═══ Input for this task ═══

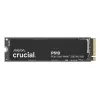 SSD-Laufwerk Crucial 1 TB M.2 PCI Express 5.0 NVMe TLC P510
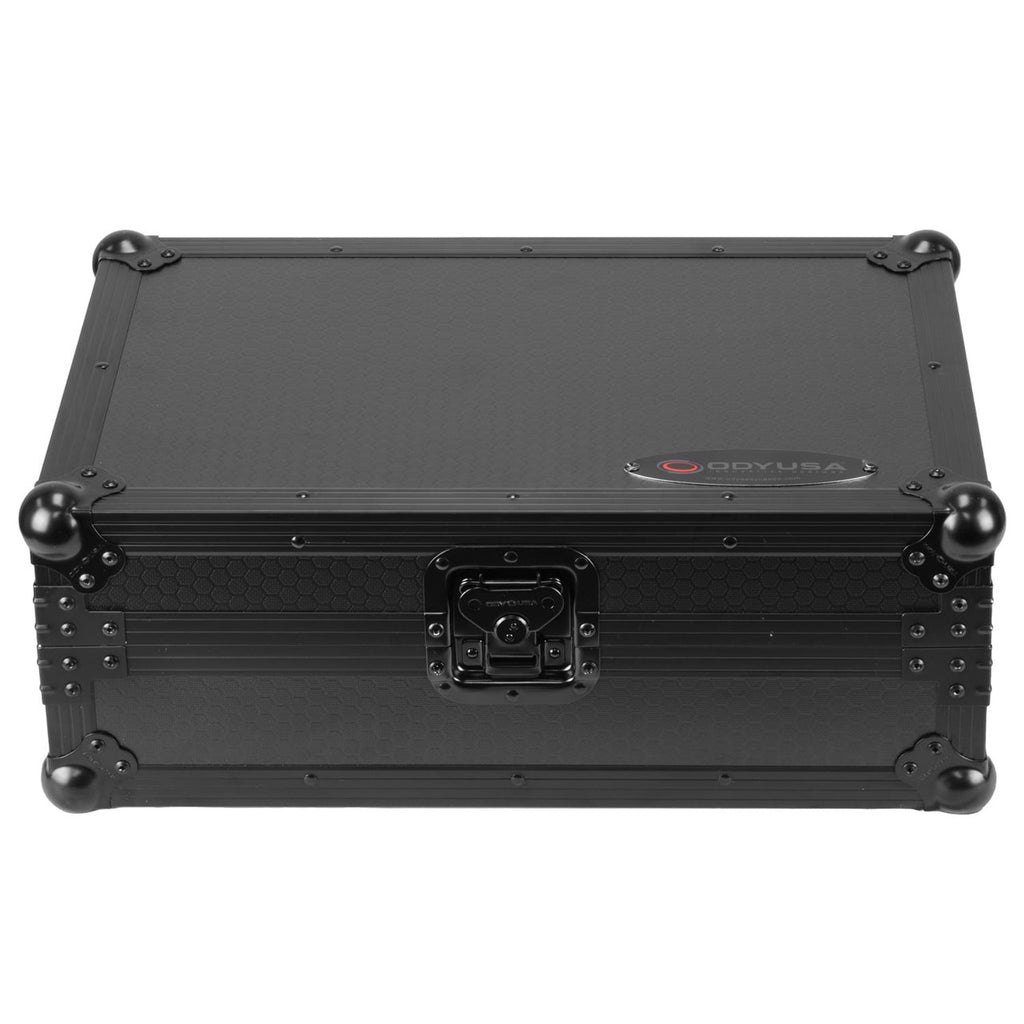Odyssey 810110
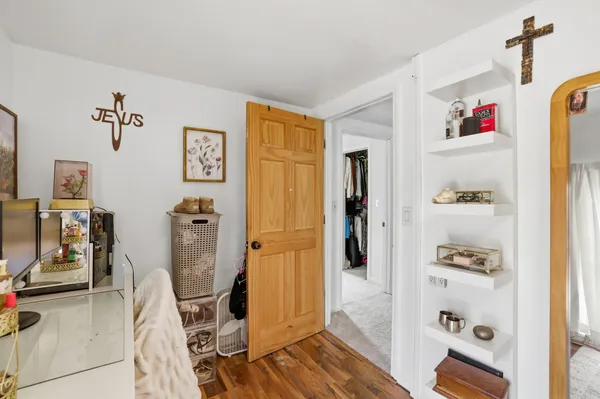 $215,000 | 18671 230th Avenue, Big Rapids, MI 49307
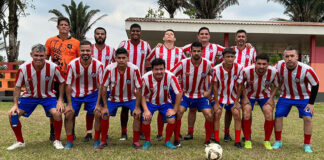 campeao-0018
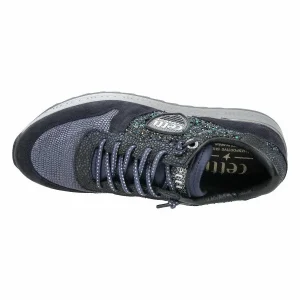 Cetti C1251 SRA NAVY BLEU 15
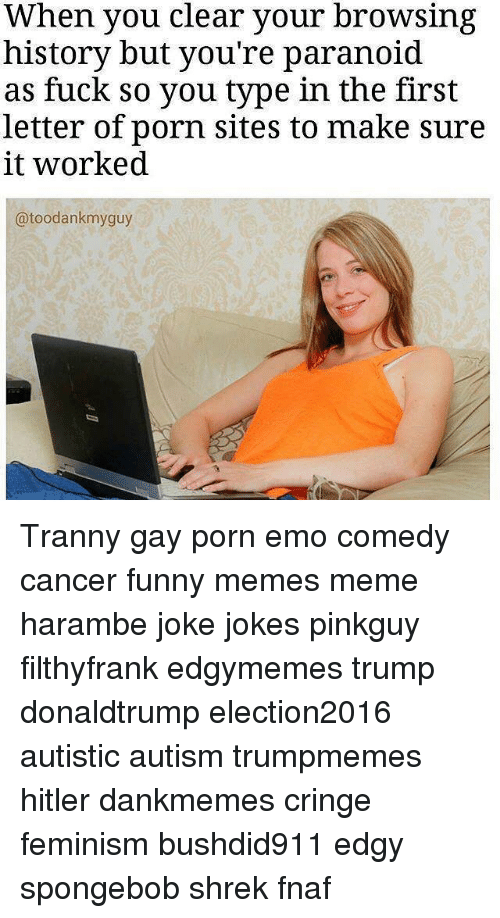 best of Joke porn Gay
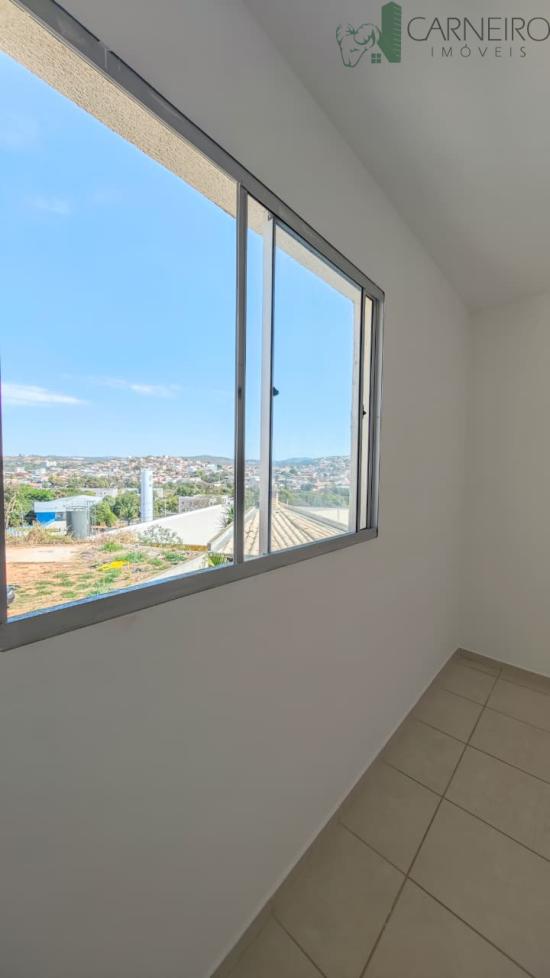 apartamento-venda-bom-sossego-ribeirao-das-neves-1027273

═══

• _About this exercise_
From the line that includes "campeao-0018" on down to the last line of the entries above, set down each line exactly, leaving out the pictures.

• _Answer to the problem_
 campeao-0018
 Cetti C1251 SRA NAVY BLEU 15
 best of Joke porn Gay
 apartamento-venda-bom-sossego-ribeirao-das-neves-1027273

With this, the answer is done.